Es war sicherlich nicht notwendig zu erwähnen, dass Anjolie auch darüber nichts erzählt hatte! Im Gegenteil! Seit sie aus der Scheune herausgestürmt war, hatte sie so getan, als wäre nichts gewesen! Sie wird sich doch wohl nicht mit ihm versöhnen, so wie er sie behandelt hatte?, fragte sich Ginny aufs neue und sah Anjolie an.
Die warf Ron gerade einen bösen Blick zu und kippte den Inhalt des Glases runter... oder versuchte es zumindest. Allein schon, als sie das Glas unter die Nase hielt, verhaspelte sie sich, schaffte es doch irgendwie, das Zeug in den Mund zu kippen, verschluckte sich und hustete, was das Zeug hielt.
„Man mag es... kaum glauben... aber das Zeug ist... noch schlimmer als Feuerwhisky!“, würgte sie zwischen Husten hervor und Ginny erbarmte sich und klopfte ihr auf den Rücken. Allerdings bat Anjolie schnell um Erbarmen. Anscheinend hatte Ginny zuviel Kraft eingesetzt, was sie jedoch nicht nachvollziehen konnte. So fest war es auch nicht gewesen!
„Der Trick ist“, erklärte Charlie, der das Zeug anscheinend wirklich gut vertrug. „Du musst es in einem Zug kippen und ja nicht zu lange im Mund lassen!“ Warte! Wo habe ich das schon mal gehört? Ach ja! Severus! Harte Kerle und ihre Ratschläge!

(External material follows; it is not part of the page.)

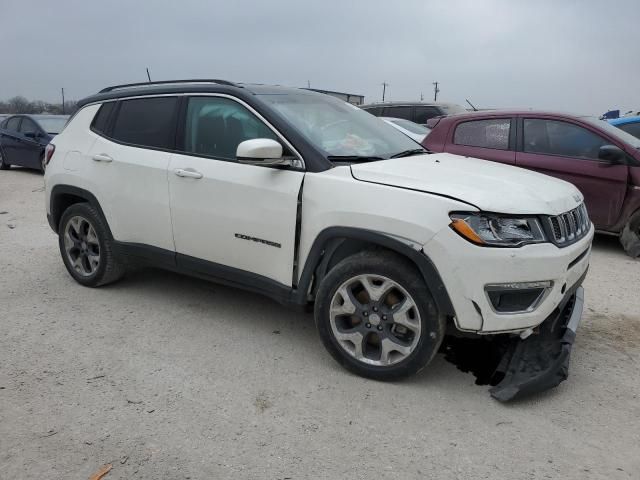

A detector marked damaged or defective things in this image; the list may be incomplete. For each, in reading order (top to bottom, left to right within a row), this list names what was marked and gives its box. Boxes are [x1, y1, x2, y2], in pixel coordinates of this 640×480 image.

cracked headlight [448, 212, 548, 246]
damaged front bumper [490, 284, 584, 404]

„Sei so gut und spar dir das!“, schimpfte Anjolie. „Aber du solltest beim nächsten Mal nicht vergessen, noch einen kleinen Tipp hinzuzufügen!“ Charlie sah sie fragend an. „Auf keinen Fall den Geruch mit voller Brise einziehen! Das verätzt einem die Nasenwände!“ Charlie grinste, doch Anjolie schien wieder etwas neues Interessantes gefunden zu haben.
Ginny runzelte die Stirn, als Anjolie eingehend Charlies Schoß begutachtete. Was wird denn das jetzt? „Mann, der ist ja groß!“, hauchte Anjolie und Ginny klappte erneut die Kinnlade herunter. Was? „So einen Großen habe ich ja noch nie gesehen! Darf ich ihn mal anfassen?“, setzte Anjolie schonungslos ihre Erkundung fort.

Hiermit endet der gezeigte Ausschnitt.